Padahal, ada kelemahan indikator RSI yang bisa jadi fatal bagi trader. Meskipun populer karena dinamika osilasinya (garis RSI bergerak naik-turun di kisaran ambang oversold atau overbought), terkadang indikator RSI kurang mampu mengikuti trend pasar yang akhirnya berdampak pada munculnya false signal.
Kelemahan Indikator RSI
RSI pada dasarnya adalah indikator pengukur kecepatan pergerakan harga. Misalnya pada saat satu komoditas dibeli dengan frekuensi tinggi selama waktu singkat, otomatis harga akan melambung dan menyebabkan pasar komoditas tersebut dalam keadaan overbought. Begitu juga sebaliknya, bila dijual terlalu sering dan cepat, harga akan terjerembab dan menyebabkan pasar di kondisi oversold.
Teorinya, jika harga sudah naik terlalu mahal atau turun hingga kelewat murah, maka harga akan "terseimbangkan kembali". Namun, kondisi oversold dan overbought tidak secara inheren menunjukkan keberlangsungan pasar dalam mempertahankan harga abnormal tersebut. Kadangkala, dalam pasar dengan trend sangat kuat (strong uptrend), bisa saja harga tinggi bertahan lebih lama (dan terus menanjak) daripada prediksi analis pasar.
Implikasinya, jika Anda 100% bergantung pada indikator RSI untuk memprediksi kapan terjadinya reversal, pastikan pula target pasar Anda bersifat relatif flat, karena pada pasar fluktuatif atau mudah tergerakkan oleh sentimen pasar, RSI akan sering kali "kebobolan". Inilah kelemahan indikator RSI.
Contoh Kasus Bobolnya RSI
Kasus pertama menggunakan data pergerakan pairs GBP/USD tanggal 26 April 2016 pada resolusi 1h.
Trader umumnya akan segera melihat signal reversal pada sekitar jam 09:00 dan segera membuka posisi sell dengan ekspektasi bahwa harga sudah dalam keadaan overbought.

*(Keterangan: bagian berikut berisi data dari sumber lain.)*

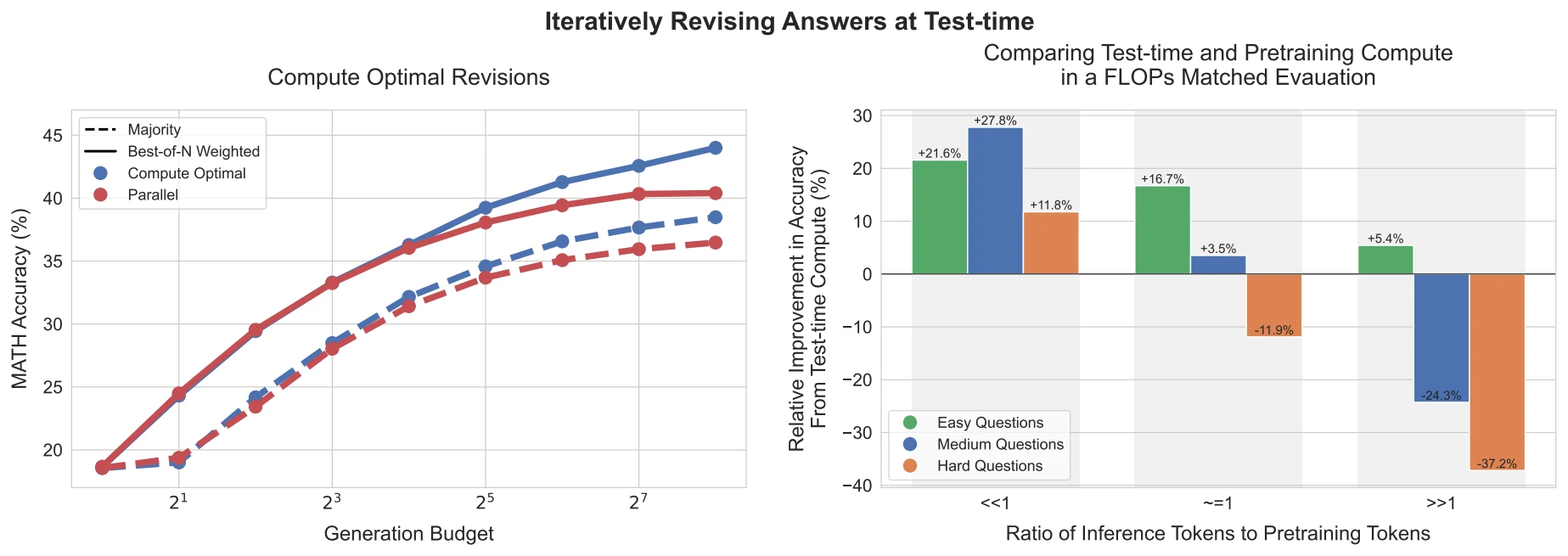 Two charts from Snell et al.: MATH accuracy against generation budget comparing compute-optimal scaling with best-of-N baselines, and a FLOPs-matched comparison of test-time against pretraining compute split by question difficulty.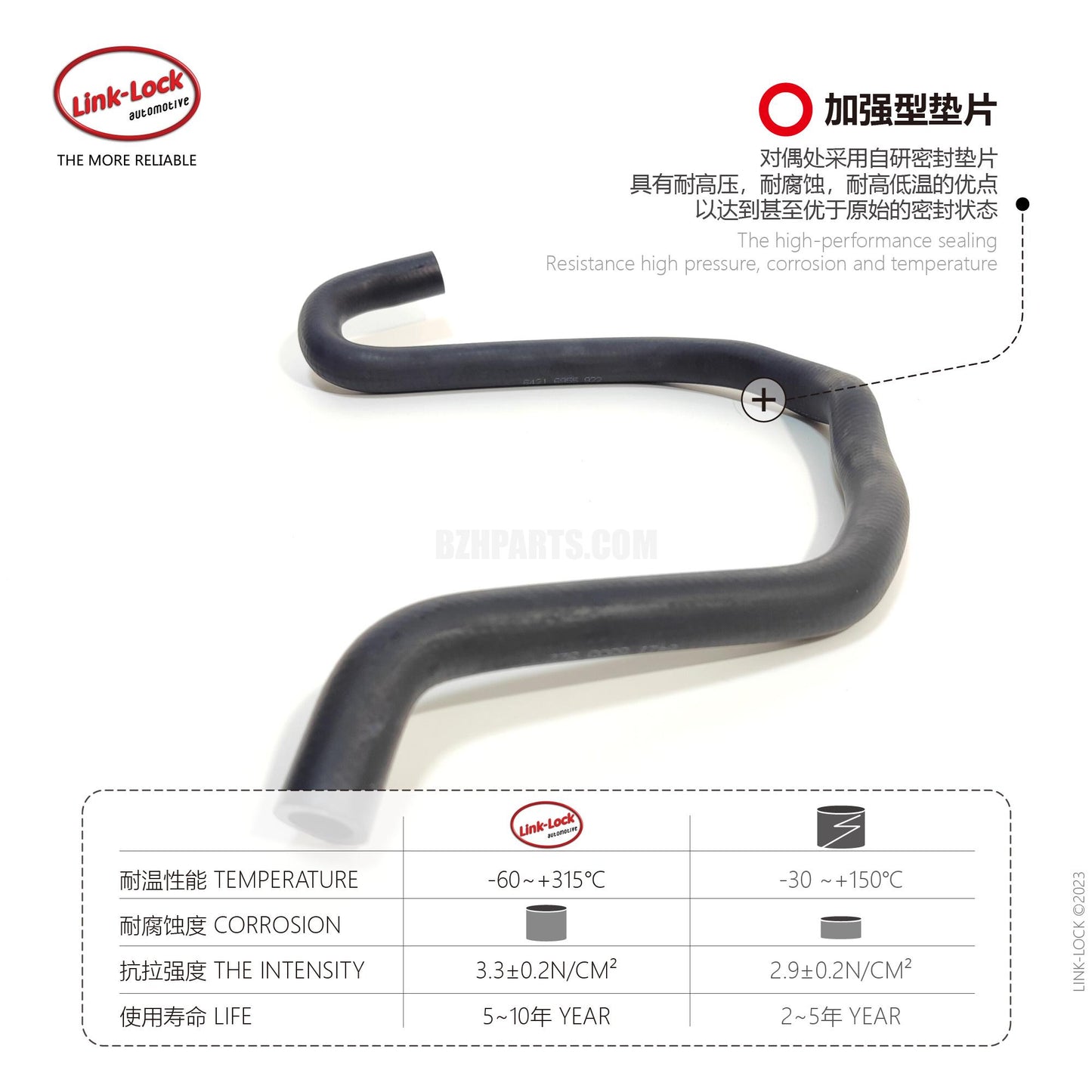 LINK-LOCK Coolant hose 2.264216955922 For X5 E70/F15X6 E71/E72/F16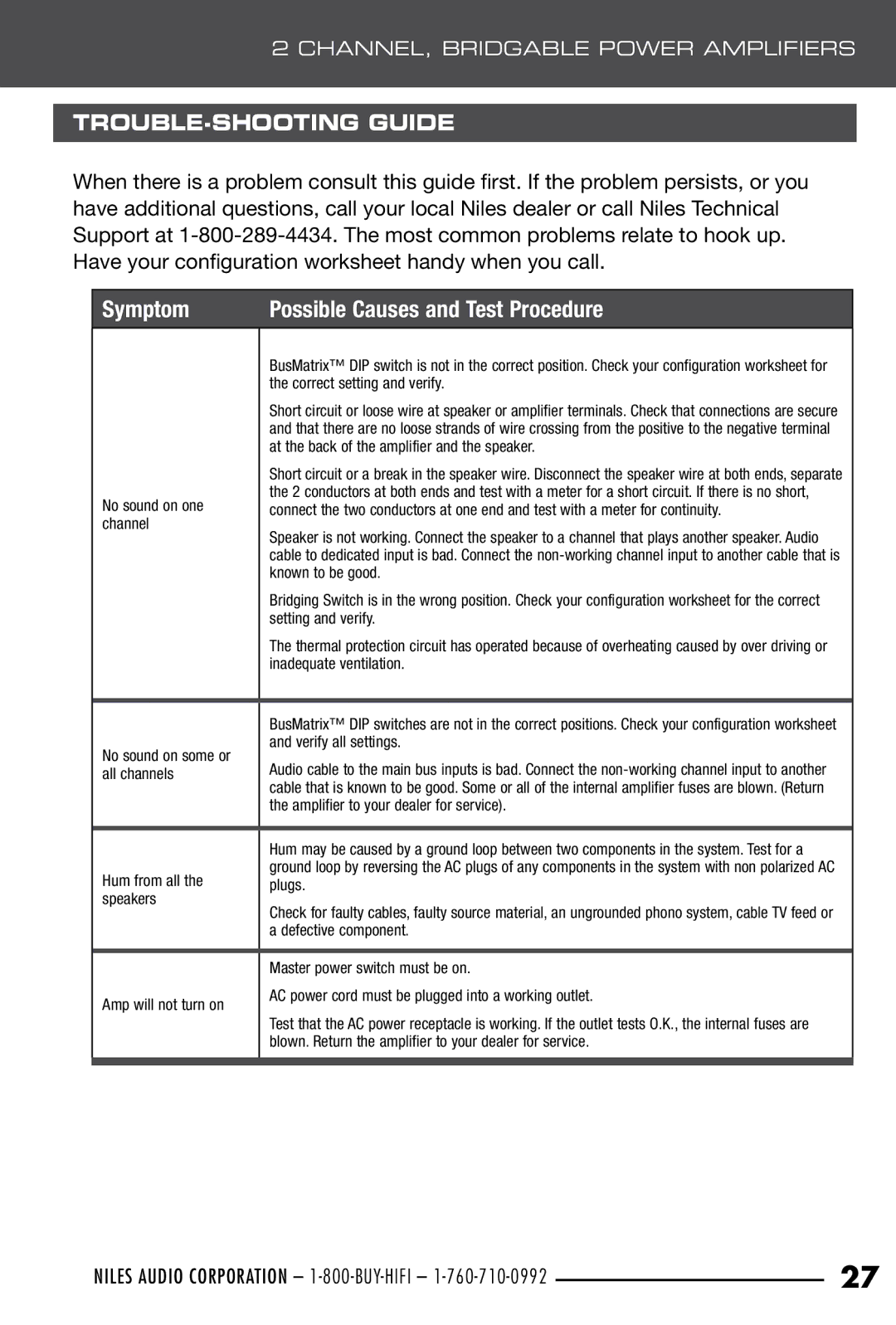 Niles Audio SI-1230 manual Symptom, Trouble-shooting guide 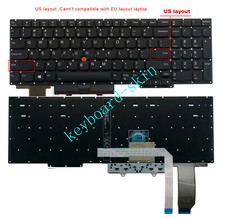 New for lenovo Thinkpad E15 Gen 1 (2020 year) laptop backlit US english keyboard picture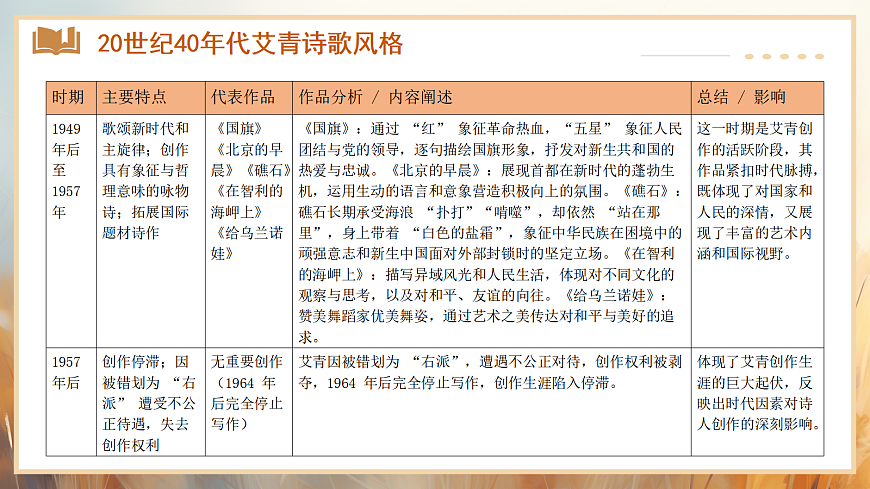 17356250第6页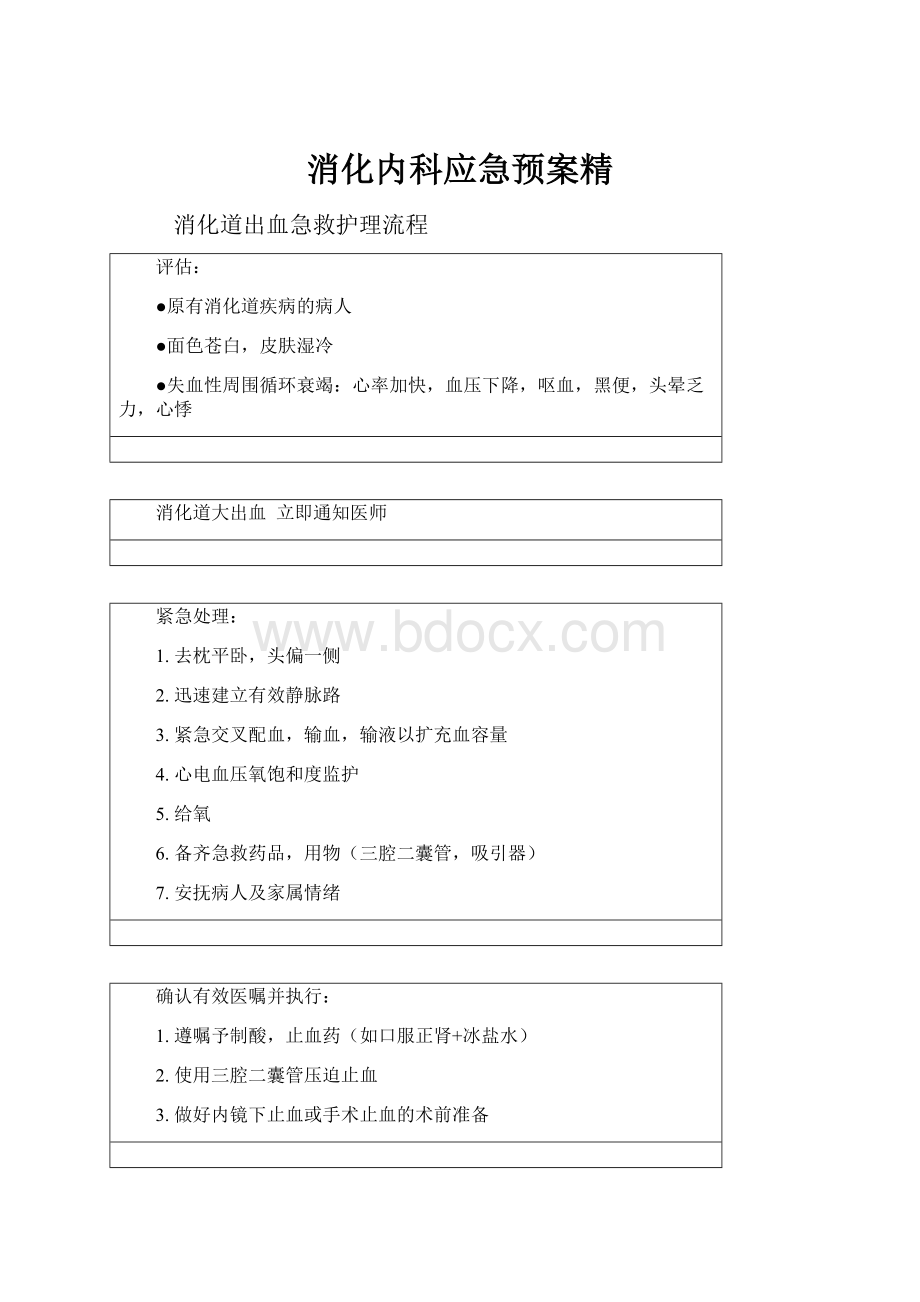 消化内科应急预案精.docx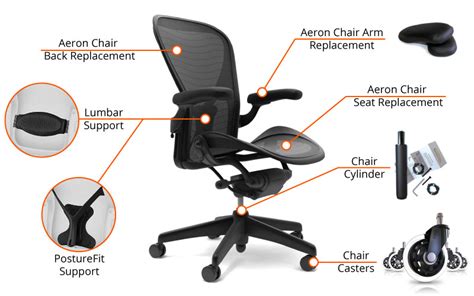 aeron chair parts  revive  herman miller  office oasis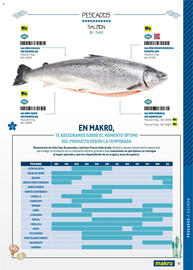 Folleto Makro | Cocina fusión asiática Página 51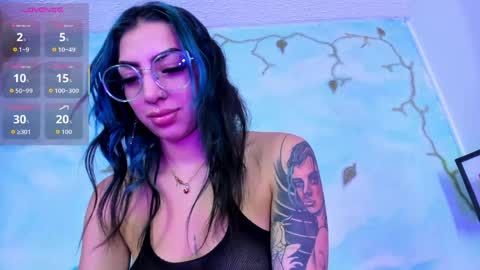 Saturnooo online show from May 12, 12:30 am
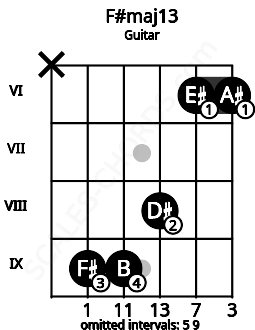 Fretboard image for the F#maj13 chord on guitar frets: x 9 9 8 6 6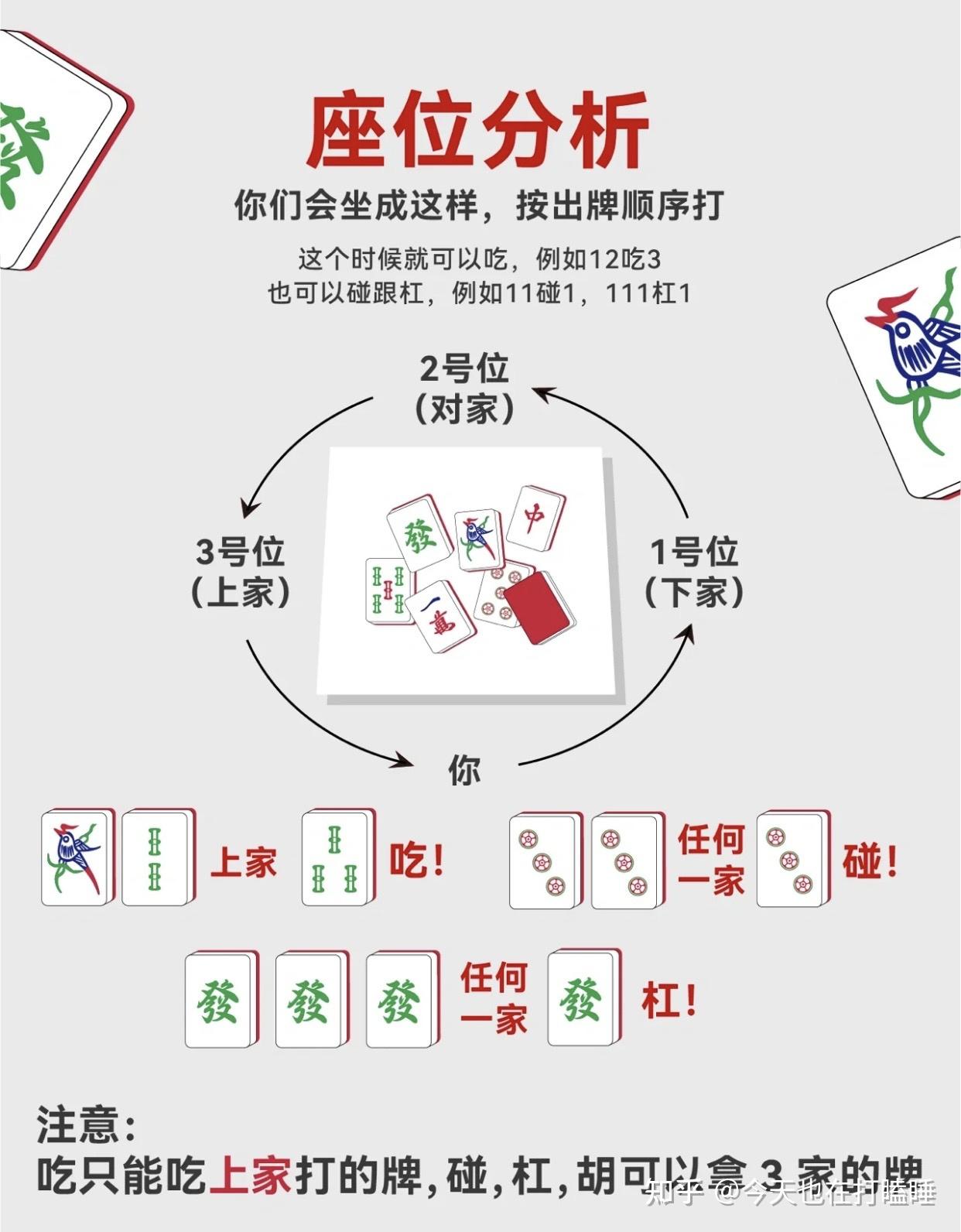 打麻将的秘诀是心态要稳，遇事果断 - 知乎
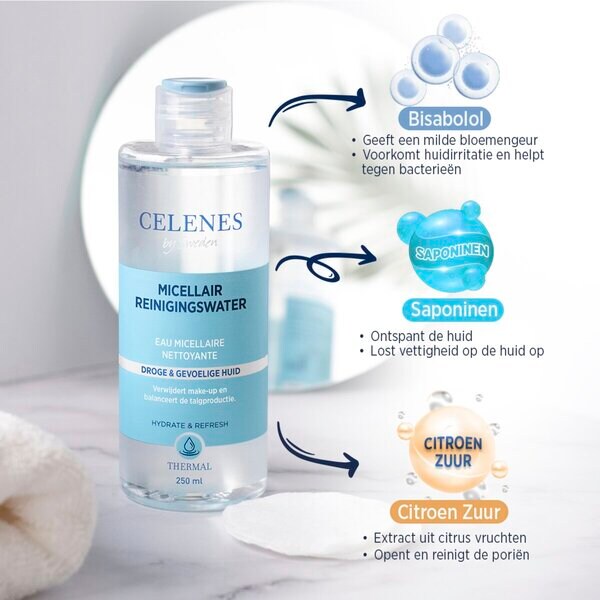 Celenes By Sweden Micellar Cleansing Water 250ml, dry and sensitive skin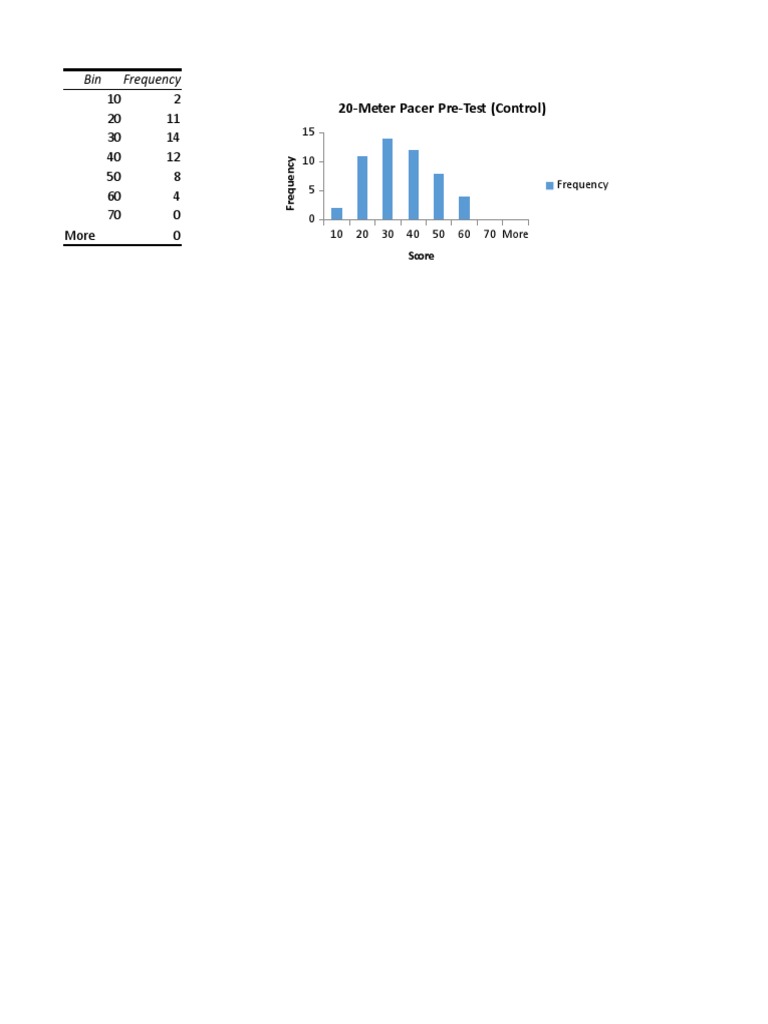 Pacer Test Frequency Analysis | PDF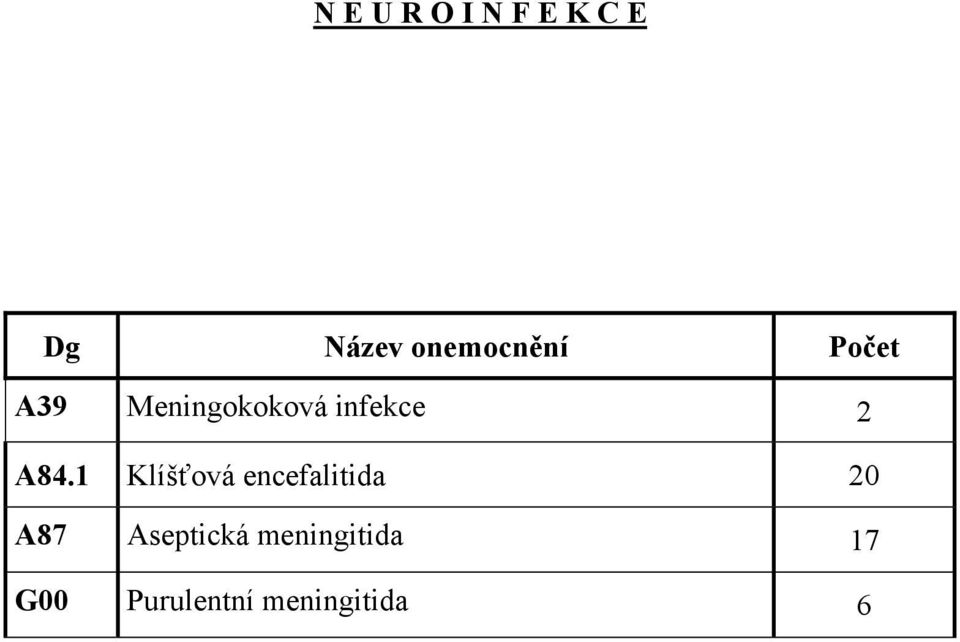 infekce 2 A84.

Kenyataan pasar masih dalam kuat digerakkan oleh sentimen pasar sehingga harga malah kembali naik sampai sekitar jam 10:00. Bahkan harga kembali naik pada jam 11:00.
Kasus kedua menggunakan data pergerakan pairs EUR/USD tanggal 29 april-1 Mei 2016 pada resolusi 1h.
Setelah rilisnya data GPD Q1-QoQ yang lebih baik dari perkiraan untuk zona Euro ditambah lagi lemahnya USD karena perlambatan pertumbuhan ekonominya. Spontan sentimen terhadap Euro terus ber-"gemuruh" dan praktis membuat nilai tukarnya meroket. Pada periode tersebut indikator RSI berada pada kondisi Overbought dalam waktu panjang dan tidak menunjukkan kapan pastinya reversal akan muncul.
Saran Penggunaan
Bergantung hanya pada satu indikator, terutama lagging indicator seperti RSI, tidak direkomendasikan apabila Anda termasuk trader yang melakukan transaksi dengan frekuensi tinggi (beberapa kali dalam sehari). Apalagi, jelas nampak ada kelemahan indikator RSI sebagaimana dipaparkan di atas. Oleh karenanya, gunakanlah RSI sebagai supplemen panduan bersama dengan indikator teknikal forex lainnya, bukan sebagai acuan tunggal. Itu akan sangat bermanfaat, terutama ketika indikator RSI lama tidak memberikan indikasi apa-apa meskipun pergerakan harga diatasnya tetap aktif.